The findings are part of a collaborative analysis by cybersecurity firm ESET and the impacted firms, resulting in an extensive look into InvisiMole's operations and the group's tactics, tools, and procedures (TTPs).
"ESET researchers conducted an investigation of these attacks in cooperation with the affected organizations and were able to uncover the extensive, sophisticated tool-sets used for delivery, lateral movement, and execution of InvisiMole's backdoors," the company said in a report shared with The Hacker News.
Cooperation with the Gamaredon Group
First discovered in 2018, InvisiMole has been active at least since 2013 in connection with targeted cyber-espionage operations in Ukraine and Russia. After slipping under the radar, the threat actor returned late last year with an updated toolset and previously unreported tactics to obfuscate malware.
"InvisiMole has a modular architecture, starting its journey with a wrapper DLL, and performing its activities using two other modules that are embedded in its resources," ESET researchers had previously noted in a June 2018 report. "Both of the modules are feature-rich backdoors, which together give it the ability to gather as much information about the target as possible."
The feature-rich spyware, dubbed RC2FM and RC2CL, was found to be capable of making system changes, scanning wireless networks to track the geolocation of victims, gathering user information, and even uploading sensitive files located in the compromised machine.

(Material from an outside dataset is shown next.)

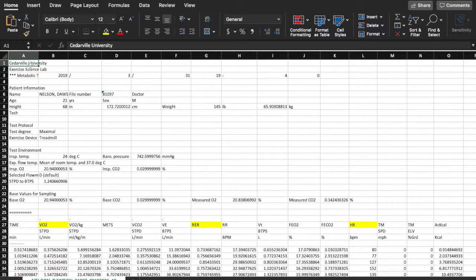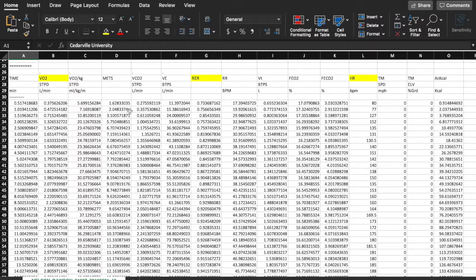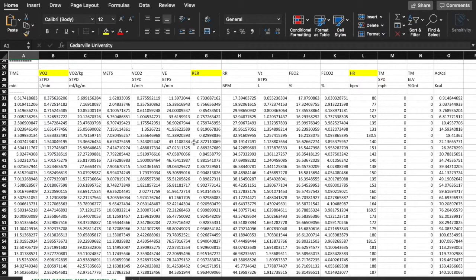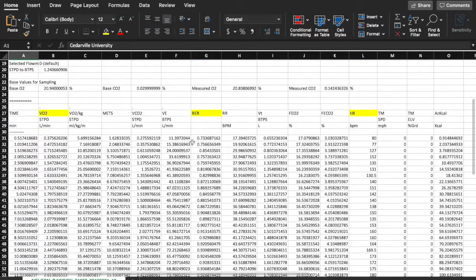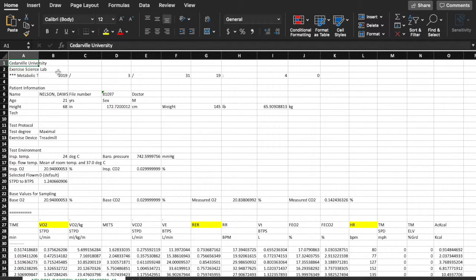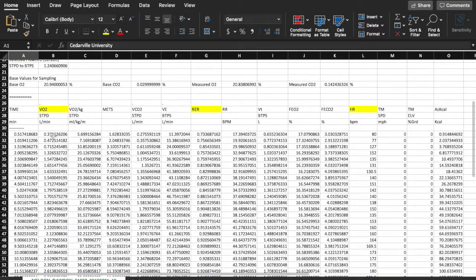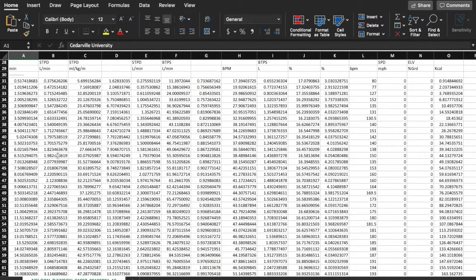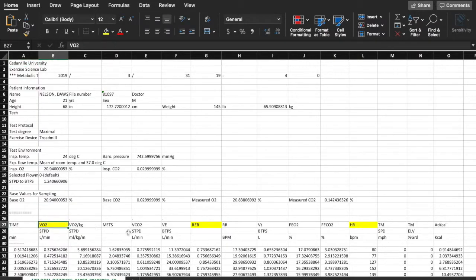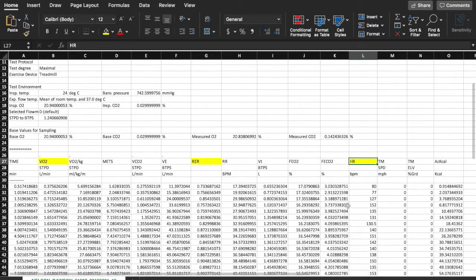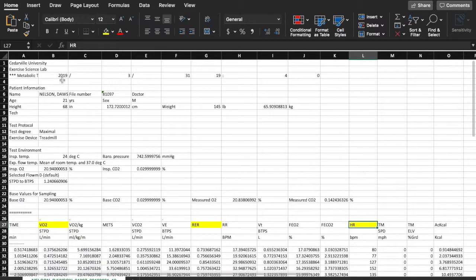Hey guys, my name is Kevin. Today I'm going to be running you through some metabolic data that we got from a VO2 max test we did on Dawson. This is what the data would look like outputted from the Parvo TrueOne metabolic cart in the Excel format. The Excel format is the most practical way to get the data because it's very easy to compare numbers to other trials or do graphs. I'm going to talk about the three main key data points you'll see in a lot of studies, and also go over the other ones quickly.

But the exact mechanism of malware delivery remained unclear until now.
Not only did ESET find evidence of "living off the land" techniques that exploited legitimate applications to stealthily carry out malicious operations, but they also discovered ties to a second threat actor called the Gamaredon group, which has a long history of cyberattacks against Ukrainian institutions.
"Gamaredon is used to pave the way for a far stealthier payload – according to our telemetry, a small number of Gamaredon's targets are 'upgraded' to the advanced InvisiMole malware, likely those deemed particularly significant by the attackers," the researchers said, adding the malware is deployed only after the attackers gained administrative privileges, as many of InvisiMole's execution methods require elevated permissions.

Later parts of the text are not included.